La publication du calendrier électoral par la Commission électorale indépendante a rajouté à la dose de nervosité existante. L’article 73 fixe l’organisation du scrutin présidentiel «quatre-vingt-dix jours avant la fin du mandat du président en exercice». La date du 27 novembre 2011 prévue pour l’organisation du premier tour de la présidentielle n’est séparée que de neuf jours de l’expiration du mandat du président en exercice. De l’eau au moulin de l’Opposition qui se délecte régulièrement de constater que la Majorité se montre incapable d’appliquer nombre de dispositions constitutionnelles.
Une autre analyse révèle qu’à l’approche des échéances de 2011, la Majorité ne voudrait pas se livrer en victime expiatoire lors de la prochaine campagne électorale. Les armes sont donc affutées pour anticiper des débats à ce stade. Objectif : faire prendre conscience à tous que les violations qui leur sont imputées relèveraient des cas de force majeure et non de leur bon vouloir. Et que, placée dans les mêmes circonstances de temps et de lieu, l’Opposition actuelle n’aurait pu les éviter. Ce faisant, la Majorité affaiblirait les arguments de ses adversaires pendant la campagne électorale.
MOBILE NON AVERE
D’où, la question de l’opportunité de la révision de la Constitution quatre années seulement après sa mise en exécution. Par ailleurs, faudrait-il entamer la démarche à quelques mois seulement de la fin de la présente législature ? Ces interrogations couvrent un spectre au-delà des considérations de positionnement pour atteindre les fondements de la République et de la démocratie en RDC.

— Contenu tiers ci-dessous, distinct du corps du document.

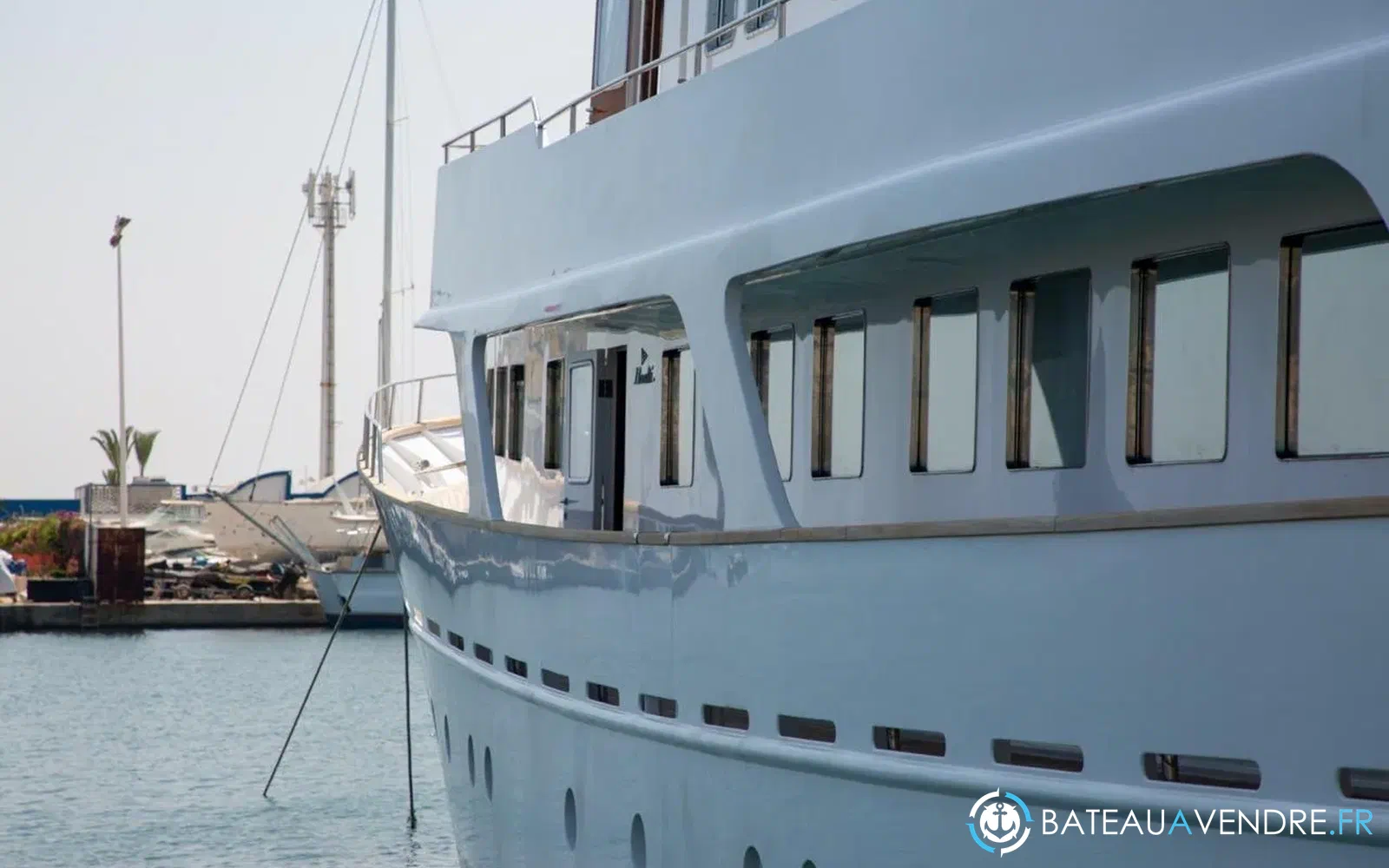 slider 1 Benetti 33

D’ores et déjà, les débats sur la question au Parlement promettent d’être houleux. Avec à la clé la tension qui pourrait monter dans l’opinion sur les suspicions éventuelles de tricherie. Viciant ainsi l’atmosphère à la veille de prochaines échéances électorales.
Rien ne justifierait cette propension à tout changer alors que la Constitution, votée par voie référendaire, peine à s’affirmer comme loi fondamentale de la RDC. De ce point de vue, les exemples sont légion. Le retard dans la mise en œuvre de la décentralisation, les controverses autour du calendrier électoral de la CEI en témoignent en maints égards.
Il convient de soumettre la Constitution à l’épreuve du temps, souhaitent beaucoup d’observateurs. Dans ce contexte, la démarche visant sa révision est inopportune.